Poker Faces | |
Director: | Harry A. Pollard |
Producer: | Carl Laemmle |
Story: | Edgar Franklin |
Starring: | Laura La Plante |
Cinematography: | Charles Stumar |
Distributor: | Universal Pictures |
Runtime: | 80 minutes |
Country: | United States |
Language: | Silent (English intertitles) |
Poker Faces is a 1926 American silent comedy film directed by Harry A. Pollard starring Edward Everett Horton and Laura La Plante. It was produced and released by Universal Pictures.[1] [2]
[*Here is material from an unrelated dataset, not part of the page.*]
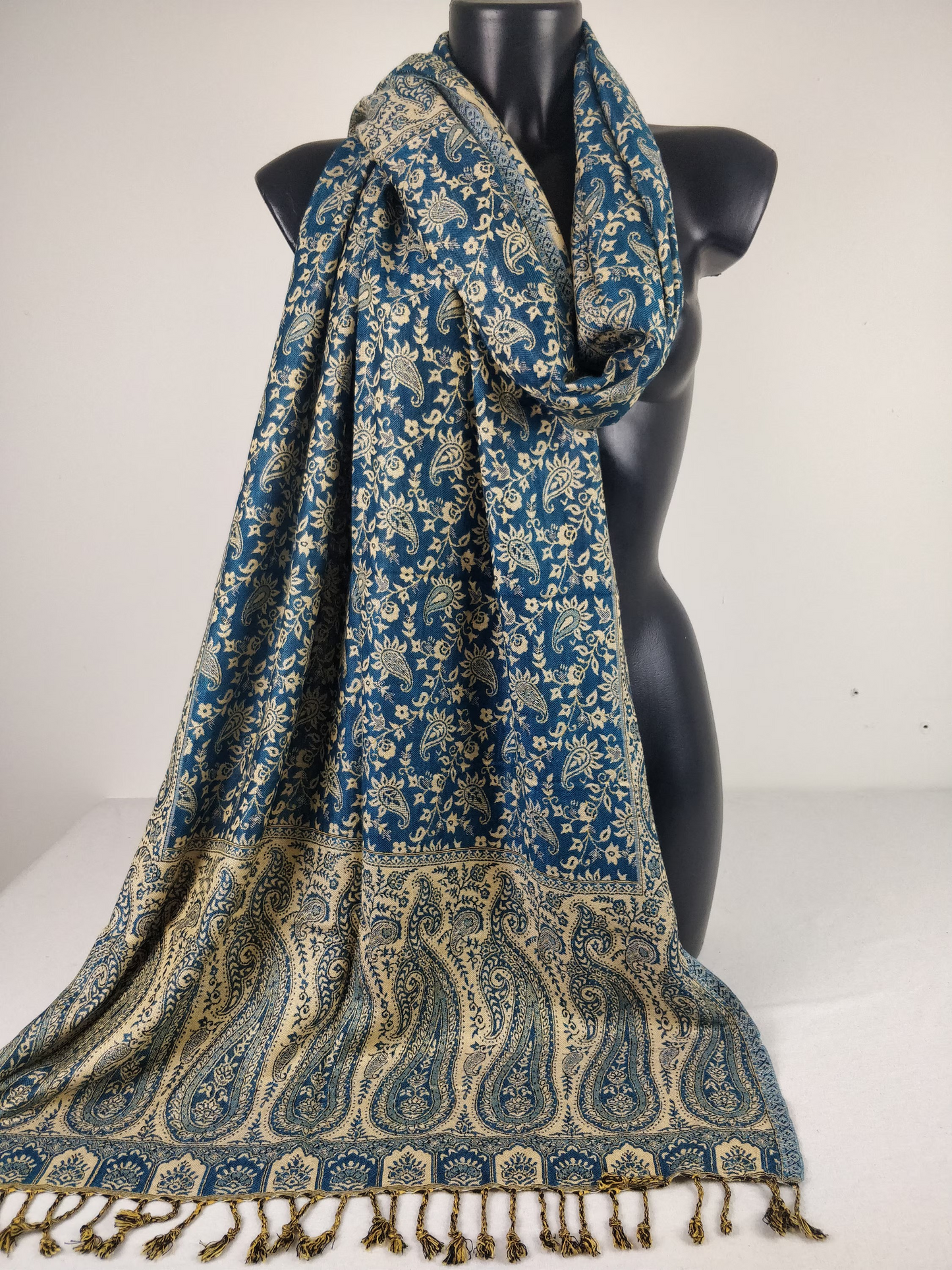 Pashmina réversible Sankya en viscose. Echarpe aux motifs paisley bleu.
As described in a film magazine,[3] Jimmy Whitmore, torn between having his wife constantly remind him that they need a new rug and enduring the unkind remarks of his employer Henry Curlew, maintains the unemotional stone visage which has gained for him the name, “Poker Face Whitmore,” and it turns out that the boss has testing him to see if he could stand a real strain without showing his feelings. Curlew assigns him the job of landing a contract with George Dixon, a tough customer. Dixon and Jimmie are both invited to the Curlew house that evening. When Dixon tells Jimmie to be sure to bring his wife, Jimmie despairs when he reads a note from his wife stating that she has gone to work to earn money to buy a new rug. Jimmie calls a casting agency and hires the pretty wife of a jealous prize fighter to pose as his wife for the evening. At Curlew's home they meet Dixon and Curlew’s new secretary, who turns out to be Jimmie’s real wife. Dixon plans to dictate some letters at his hotel but Curlew offers him the use of his secretary if he will stay all night, as he does not want to let the prospective buyer leave. Curlew then stampedes Jimmie and his “wife” to a bedroom against their protests as the hired wife wants to get back to her husband and Jimmie wants to explain everything to his wife. The irrepressible Jimmie makes repeated attempts to reach his wife so Dixon forces him to take off his clothes, pushes him back in the room with the fighter’s wife, and locks the door and puts the key in his pocket. The fighter, anxious about his wife, sees her in the lighted room and climbs up to the window. Seeing his wife in the room with a man in his BVDs, he furiously attacks Jimmie, who escapes when Dixon opens the door. After a long chase around the house Jimmie is cornered in Dixon’s room, so he switches off the light and hides. Dixon and the fighter come to blows by mistake and are both knocked out. Jimmie jumps out just as cops arrive and batter down the door. Curlew receives a telegram advising him to arrest Dixon, who is a crook. Jimmie is rewarded for his astuteness and bravery by being taken into the firm as junior partner.
A print of Poker Faces is preserved in the George Eastman House Motion Picture Collection, The Library of Congress, and UCLA Film and Television Archive.[4]